18時からPlaceM。Rodagon150mmをリンホフボード1番の穴に通し、ボードを引き伸ばし機のレンズボード受けの穴に置いてガムテープで固定。レンズボード受けはフラットボードだといちいち元に戻して次回またつくらなきゃならないので、使われずに放ってある50mm用の凹みボードを使用。8x10だと繰り出しがギリギリだがどうにかなる。リンホフボードはレンズボード受けの上に乗っているので精度は問題ないが、レンズはガムテでぶら下がっている状態なのできっちり固定しないと平行に支障が出る。Parallelの平行ゲージは去年瀬戸さんに教えてあげたもので、あるかと思ったら隠してあるようなので自前のを持ってって平行を確認するつもりが忘れる。あそこのピントルーペはどれもがたがたで使いものにならないので持参した自前のピークI型で見たところ、だいたい全面にピントが来ているような気がする。まあモノクロと違ってカラーの粒子はほとんど見えないので確証は持てないのだけれど、まあいいことにする。

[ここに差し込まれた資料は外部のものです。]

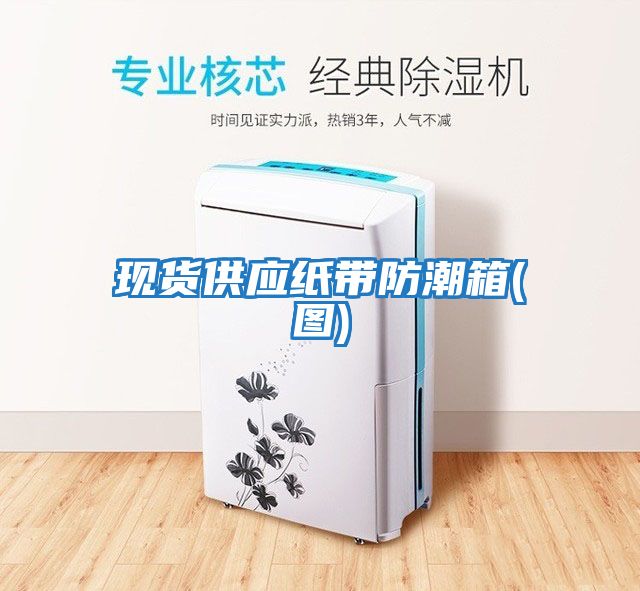 現貨供應紙帶防潮箱(圖)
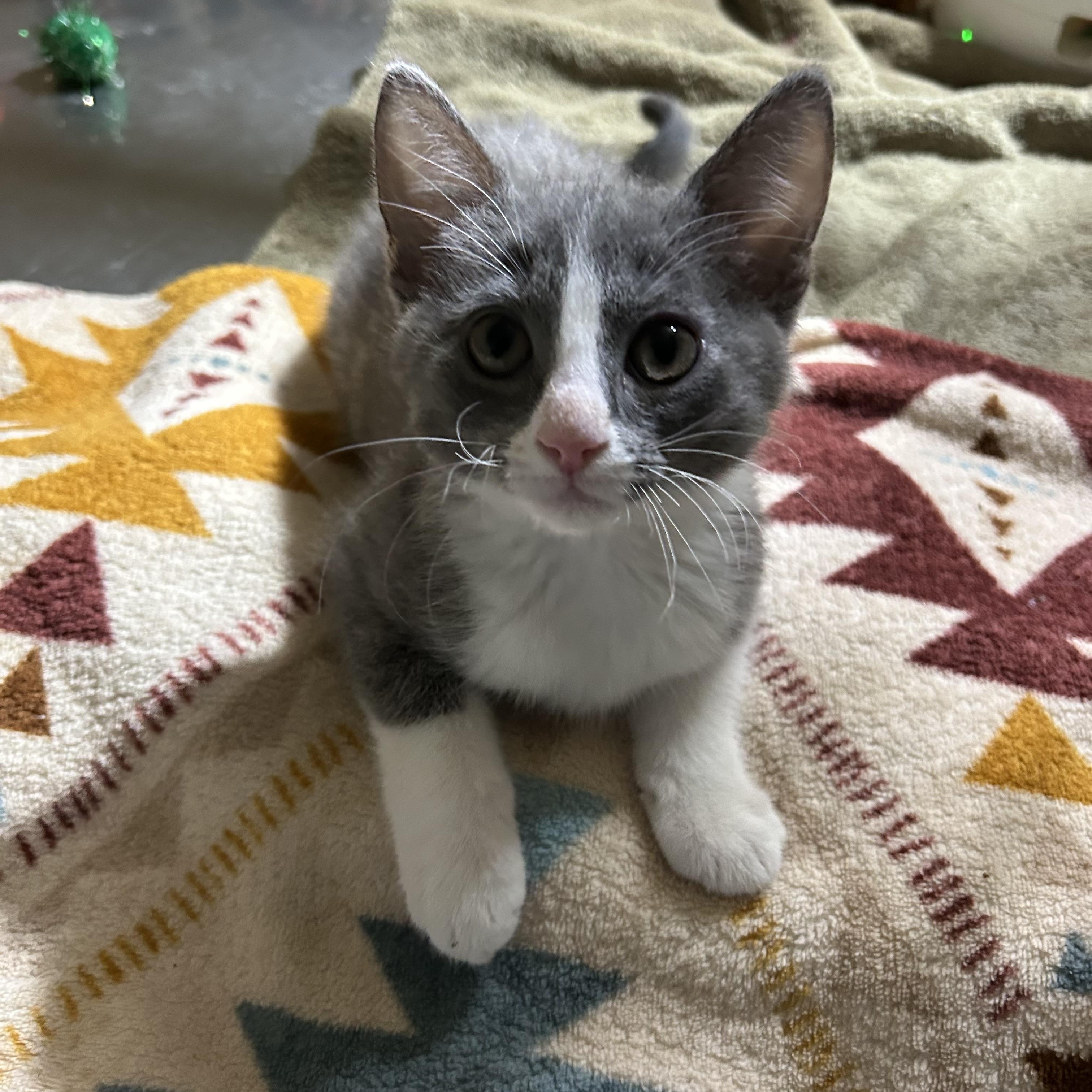 Sully, ADOPTABLE, Young Male Domestic Short Hair.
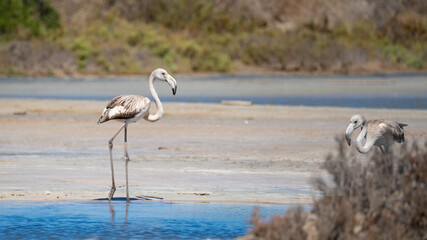Juvenile flamingos search for food in a wetland with clear shallow water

でケラレだが、上のランプハウス側はゆとりが出る。だが、画角を狭めることでレンズから散光板に対する見かけの角度をより手前のフィルムよりも大きくしようという狙いなので、さらに手前のケラレは悪化することになる。ネガキャリア受けの円状のステージによる四隅のケラレは拡大する。あちらを立てればこちらが立たず。しかしリンホフ1番の穴がオフセットされているため自然にレンズがセンターから外れ、ブレードの幅が広くてまったく使えなかったSaundersの20x24イーゼルが使えるのは大きいので、これで行くこととする。印画紙をセンターに置くスリットは使えないが、オフセットされた位置に印画紙を全暗中で置けるように定規とガムテでガイドをつくる。これで印画紙のセンターに画像を焼ける。ラボ流の指定では余白均等。これまでいかなる制作上の困難も理詰めの試行錯誤と工夫によって乗り越えてきた。最後にものをいうのはこれだ。「カスタマイズ」ではない。客として注文しているようでは埒があかない。自分の目と手で格闘しなければ問題の核心が把握できない。誰もやっていないことをやろうとしているのだから現実上の障壁はつきものだが、技術的な問題に屈したことは一度もない。必ず切り抜けるという自負がある。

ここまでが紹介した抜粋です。